During this shutdown, I did a little pcb layout for my triggered common-collector Colpitts oscillator, and had some boards fabbed. A manufacturing person came in today and built a couple for me.
It's a triggered 125 MHz oscillator that will be used to time delays in a laser system. We want minimal time jitter so I tried to keep the Q up. The inductor is a Coilcraft Midi-Spring.
I used a BFT25 super-fast transistor, but it oscillates at more frequencies than I intended. Tons of jitter. The choice was to add a base resistor or go with another transistor. A BFS17 seems to work fine. That's a great little npn, fast but not too fast.
Here's the board
and here's the roughly 250th rising edge after it's triggered to run
at 100 ps/div.
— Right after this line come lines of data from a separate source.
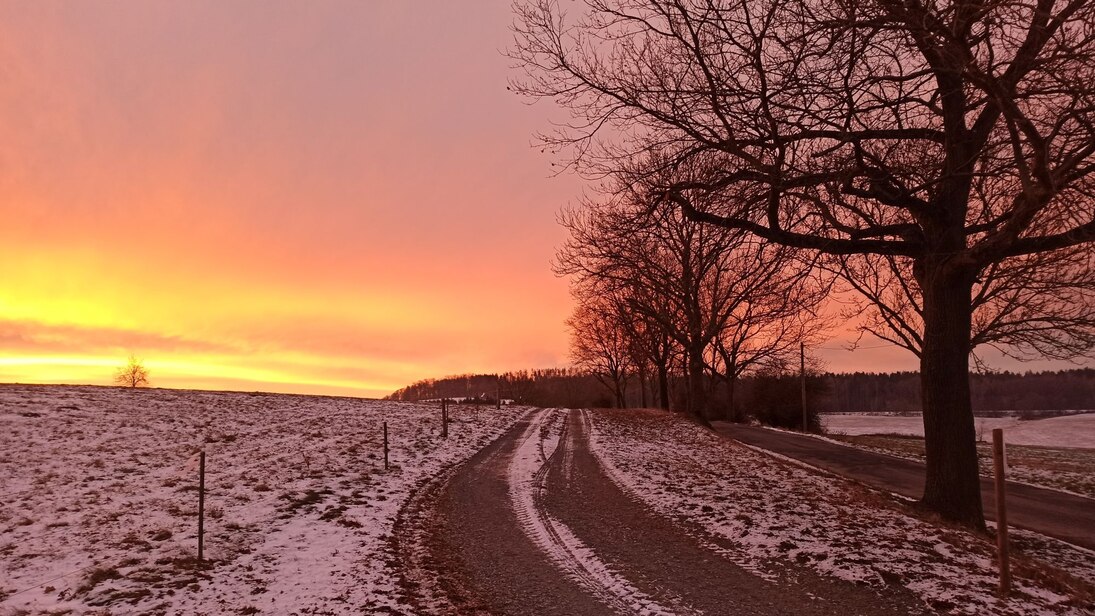 Winterstimmung auf der Versuchsfläche in Christgrün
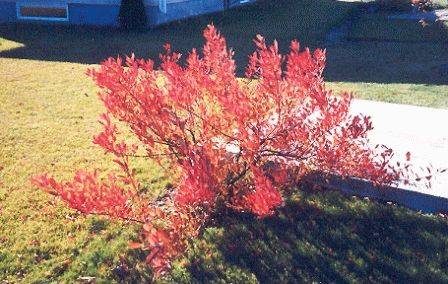 Sand cherry Besseya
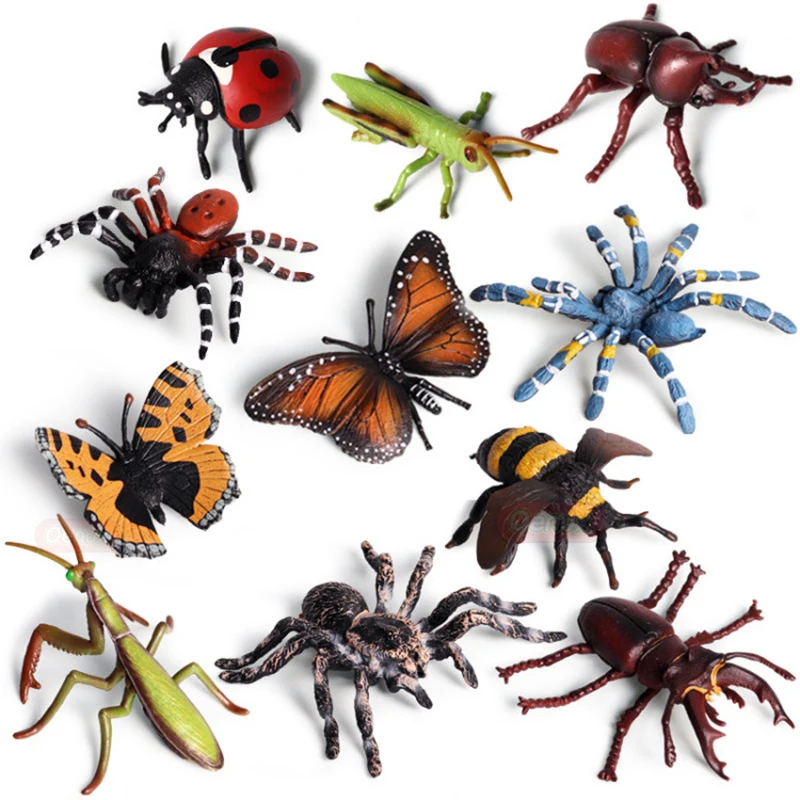 

Action&Toy Figure Insect Animal World Handmade Simulation Model Collectible Doll Collection For Kid Children Gift F5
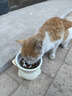 甜浪海猫碗陶瓷猫粮碗狗碗猫食盆猫咪喝水碗高脚斜口防打翻护颈喂食碗 实拍图
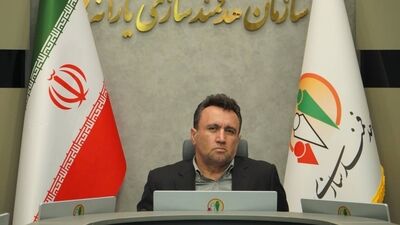 آغاز پرداخت ۵۵ همت دیگر از مطالبات گندم‌کاران کشور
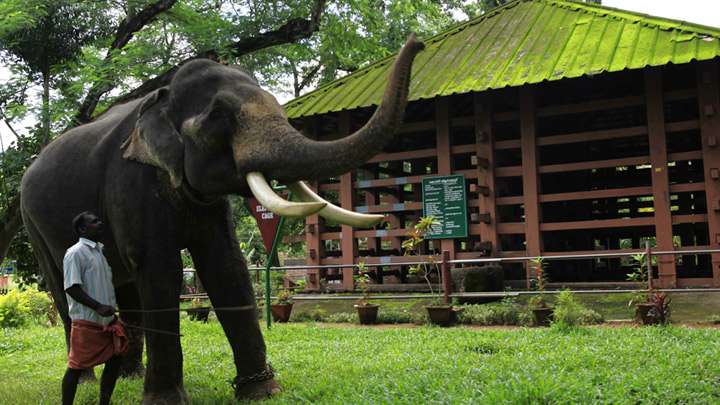 Konni Elephant Training Center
I haven't figured out how to get that scope to measure the RMS jitter on that edge; it's obviously smarter than I am, and lets me know. If I eyeball the p-p jitter and divide by 5 for RMS, I'm estimating 4 ps RMS jitter at 2 us out from start, which is a ratio of
500K:1. That's unheard of, so I may be doing something wrong.We plan to phase-lock this to a good OCXO, but it will take a while to lock, so the better the open-loop Colpitts behavior, the less frantic we need to be about the DPLL. 2 microseconds is plenty of time to do the math.
It's out on the bench, so I'll put it in a metal chocloate box with some feed-thrus for better EMI shielding. Gotta empty the box first.
I need to temperature compensate it and play with the active guard idea.
Phil H helped me think about this. Thanks.